The reverse repo rate is simply the rate the RBI pays commercial banks to park their excess funds with the central bank. It is also part of monetary policy to regulate the flow of money in the market.

Before moving on to inflation, a question: Why is the repo rate called that?

The repo is used for a ‘call option’ or ‘call agreement’ between the banks and the RBI for the latter to lend them money.


On Wednesday, the RBI raised its inflation projection for the current fiscal year to 6.7% from 5.7% forecast in April and 4.5% in February. The latest forecast is well above the RBI’s target range of 2-6%. In real terms, inflation hit an eight-year high of 7.79% in April.

It has been above 6% since January 2022. But what do all these numbers mean? Let’s break them down.

First of all, what is inflation?

Inflation is the rate of increase in the prices of goods and services consumed and purchased. The Mehngai Dayain we are rightly obsessed with, never tiring of talking about.

How is it calculated?

To monitor and calculate inflation, the authorities use the Consumer Food Price Index (CPI), which measures changes in the price of food consumed by a typical family in India. It gives an idea of ​​the increase in the cost of living.

So when you see an inflation figure like 6.7%, that means food prices are 6.7% higher, compared to a given period.

Is there an ideal inflation rate?

Low inflation is always better than runaway inflation, as any of us might imagine. And zero inflation sounds too good, but it could have consequences. For one thing, when prices don’t move, people put off buying. The economy is slowing down. We will also come back to this.

Then there are the dangers of deflation: The value of everything, wages, stocks, houses goes down. A recession is a logical outcome, and it is a disaster. To answer the question, the government has instructed the RBI to keep medium-term inflation at 4.4% (+/- 2%).

What causes inflation?

The Russian-Ukrainian war is an important factor. High crude oil prices not only mean that gasoline, diesel, CNG and cooking gas are more expensive, but it also means more expensive to transport commodities. All of this leads to inflation.

Next, we have a weakening Rupee against the US Dollar, which has been in high demand. Due to global uncertainties, the Rupee fell as foreign investors withdrew money from the stock and bond markets. A weakened rupee has reduced purchasing power. A falling rupee also makes your education abroad and travel more expensive because your fees and tickets cost more than the dollar value.

What else does inflation do?

Inflation depletes our foreign exchange reserves because we send more dollars on crude oil, which reduces our ability to import other goods we need. As we are an import-oriented country, this leads to fewer and more expensive foreign goods, and further weakening of the Rupee. If you shop, you spend more.

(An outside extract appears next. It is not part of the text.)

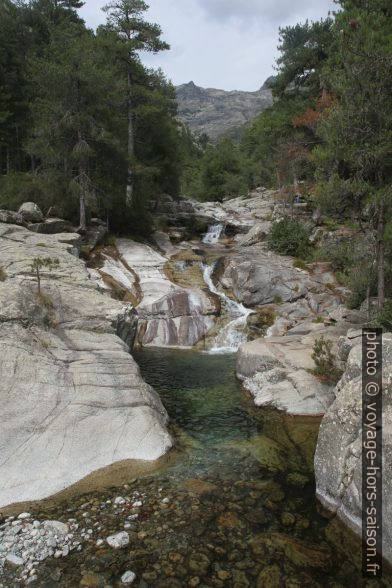 Basses Cascades du Manganello. Photo © Alex Medwedeff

If you put the brakes on spending, it leads to lower demand for goods and services – activities like construction, manufacturing, and imports slow down. Companies can hire fewer employees. The global economy takes a hit. You feel the pinch of the rupee slide.

In other words, less manpower and machinery will be needed. The government will have a reduced ability to spend on building infrastructure and other social projects. If the government borrows too much to compensate for all this, international agencies can give the country bad marks. This makes subsequent borrowings more difficult. And investments are falling. This aggravates the jobs crisis. And we know that ordinary citizens are the most affected.

Wholesale price-based inflation has also remained in double digits for 13 months and hit a record high of 15.08% in April.


On Wednesday, the RBI expected India’s GDP (gross domestic product) to grow by 7.2% this fiscal year, as previously forecast. In April, the RBI cut its economic growth forecast to 7.2% for 2022-23 from 7.8% earlier. In 2021-2022, India’s GDP growth was estimated at 8.7%.

GDP is nothing but a monetary measure of the market value of all final goods and services produced during a given period. It’s the whole economy.

A downgrade in growth projections, which happens often, means that core sectors, including agriculture, services and manufacturing, won’t do as well as expected.

In this scenario, we are back to the slowing economy. It’s a vicious circle, but it can be broken by, say, a good monsoon. And bumper crops.